10. One day during December, while in Malaysia – take note, Malaysia is a predominately Muslim nation – our team opted to ATL (Ask the Lord) for what our day of ministry should look like. Different team members got different responses, and each of us spent time following whatever path we believed He had lain out for our day. God led me to create a “Free Prayer” sign and, with Liz by my side, stand in the middle of a crowded train station holding said sign and waiting… While we waited, I handed the sign to Liz and pulled out my Bible, opening to random passages and reading while people walked by. We got tons of odd looks, plenty of lengthy stares, a lot of surprised expressions, and finally two policemen came and informed us that we had to leave the property. No big deal; we just stood outside. Over the course of a couple of hours, three men approached us and asked for prayer. They each had different needs; schooling, a Visa, health concerns, etc., and they each inquired about our God and if He could truly help them. Coolest part; two of them told us flat out, they are Muslim, but they knew exactly to whom we were praying and they were absolutely okay with putting trust in Him. Wow, God! Wow!
 

11. By the end of month three on The World Race, I found myself facing an old nemesis – panic attacks.
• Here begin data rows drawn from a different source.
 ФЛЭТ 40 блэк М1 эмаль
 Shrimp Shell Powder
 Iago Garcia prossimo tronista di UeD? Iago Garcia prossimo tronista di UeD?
Literally every night as I tried to go to sleep, I would be confronted with a terrifying image that left me fearful of my dreams. During the days, I often experienced extreme anxiety, fear or dread over the slightest thing. I confessed this to my teammates, and they prayed fervently over my thoughts and my reactions, but still the anxiety prevailed. For whatever reason, I continually felt convicted about a myriad of my past mistakes, my “fall back” sins, my crutches… Finally I recognized that I was being called to renounce those things, to confess them to God and before my close knit family here on the Race, to rid my life of the guilt and shame that I felt because of those transgressions. So one afternoon, six amazing Women of God surrounded me as I repented and released myself of weight I’ve unknowingly carried for a long, long time. I renounced destructive relationships with multiple men, fully forgave my parents for fears instilled in me by their divorce, repented of feeling like I have to work to earn God’s love… this was no short process, for sure. But I can say with confidence that after that, I have never felt lighter! God has truly redeemed me of so much and I’m walking in a totally new freedom that I never want to lose! SO AWESOME!